Her presentation detailed the local and national opioid epidemic and the coordinated approach Erie County has taken to significantly lower the number of opioid-related deaths.
In 2015, 92 million people in the U.S. used prescription opioids, according to Burstein. More than 11 million people misused these prescription drugs and 2 million reported opioid disorders.
From 1999 to 2017, 700,000 people died in the nation from drug overdoses, two-thirds of them from opioid overdoses, she said, noting that an average of 130 American still die each day. And in Erie County, the number of opioid deaths doubled from 127 in 2014 to 256 in 2015.
“We had a crisis,” Burstein said. “So I went to the county executive and said, ‘Houston, we have a problem.’ I can’t fix this by myself.”
Bringing together county and community leaders from different backgrounds to create the Erie County Opiate Epidemic Task Force became the turning point, she said.
“We put together this community task force, it’s a community problem” she said. “We had to embrace we had a problem, talk about it, and then we had to get everyone together to figure out how to solve it. It’s not something the health department can figure out, and it’s not something the mental health department can figure out. It really takes a village.”
After the number of overdose deaths in the county reached 301 in 2016, “we started bending the curve,” she said. “All our good programs started to become effective, and we’re continuing to bend the curve.” The most recent county 2019 data showed 120 overdose deaths, she said.
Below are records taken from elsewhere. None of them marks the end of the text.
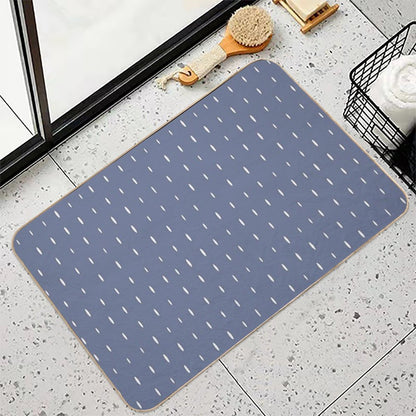 Little Lines Pinkblue  Eco-Friendly Bath Mat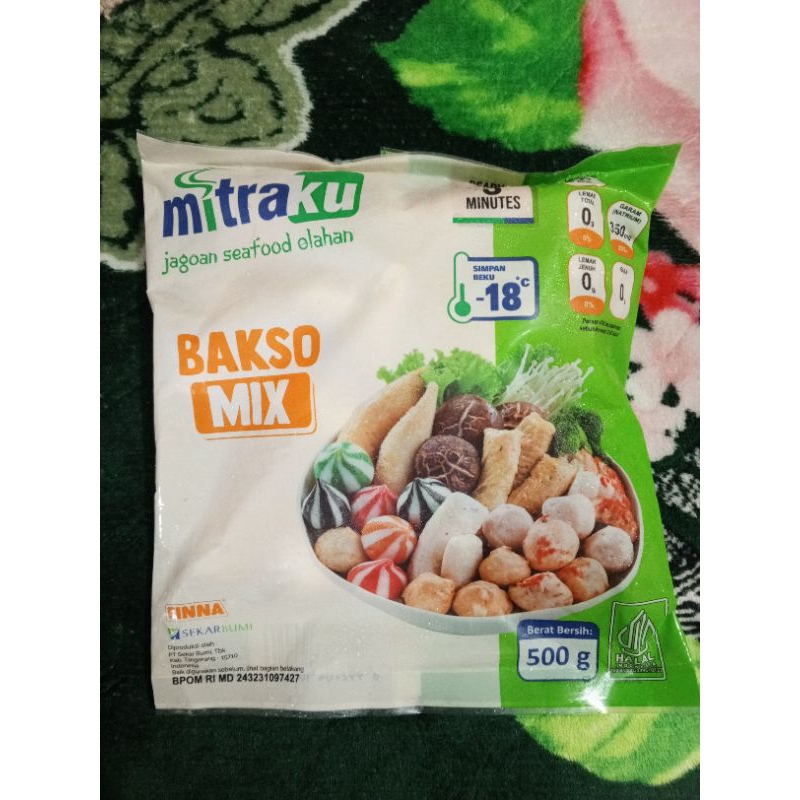 

Mitraku Bakso Olahan Ikan Campur / Mix kemasan 500 gr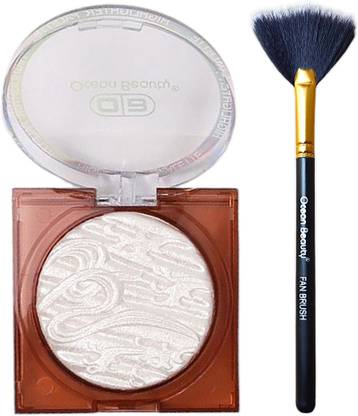 OCEAN BEAUTY Makeup Bronzer Highlighter And Blusher Palette Kit For Face Body Girls Women Highlighter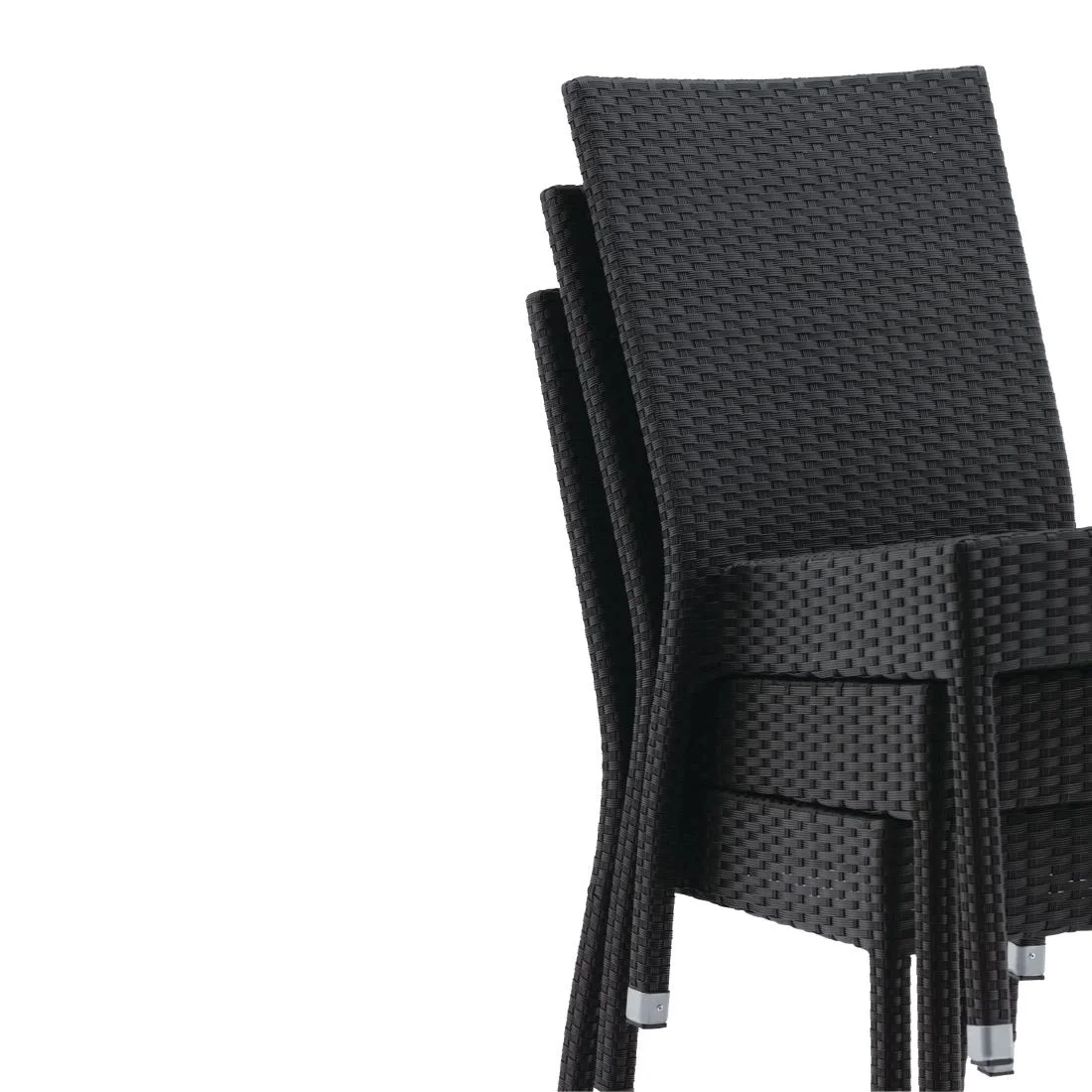 Bolero PE Wicker Side Chairs Charcoal (Pack of 4) - Image 6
The task force responded to the heroin epidemic in three ways: preventing people from starting heroin, reducing heroin addiction and reversing heroin overdose by expanding the use of naloxone, which reverses the effects of an overdose if administered in time.
Burstein said the task force is comprised of seven different working groups, each with its own expertise to develop programs.
Among the seven groups are law enforcement, families who have lost loved ones through overdoses, community education groups that design anti-stigma education, health care providers who have changed prescription practices to provide alternatives to opioids, and first responders who are trained to recognize overdoses, providing them with NARCAN to resuscitate overdose victims until EMTs arrive on the scene.
Burstein was especially proud of the county’s media campaign, which includes billboards that feature people in the community who are struggling with opioid disorders.
“Their cases are on the billboard to show, ‘Hey, I look like you. We’re here in the community,’” she said. “ ‘Drop the stigma.’
“We just want people to come out and seek care and not end up in our medical examiner’s office,” she said. UB’s interdisciplinary Opioid Workforce Expansion Program, which sponsored Burstein’s presentation, aims to train students to treat opioid and substance abuse disorders, and to increase this particular workforce in Western New York. It is supported by a grant from the Health Resources and Services Administration of the U.S. Department of Health and Human Services.
“At UB School of Nursing, we really strive to improve the health and wellness of the Western New York community and beyond,” said Yu-Ping Chang, associate dean for research and scholarship and primary investigator on the HRSA-funded opioid workforce grant.
“Inviting speakers like Dr. Burstein and engaging in an honest dialogue about the very serious opioid and other substance use issues affecting our community is an important step in the process,” Chang said. “The more we know and are engaged in the problem, the more we can affect positive change as educators, researchers and community members.”
The program included NARCAN training after Burstein’s presentation to demonstrate the nasal spray that is used to reverse an opioid overdose.
Burstein's presentation was supported by HRSA as part of an award totaling $1,350,000 with 0% financed with nongovernmental sources. The contents were those of the author and did not necessarily represent the official views of, nor an endorsement, by HRSA, HHS or the U.S. government.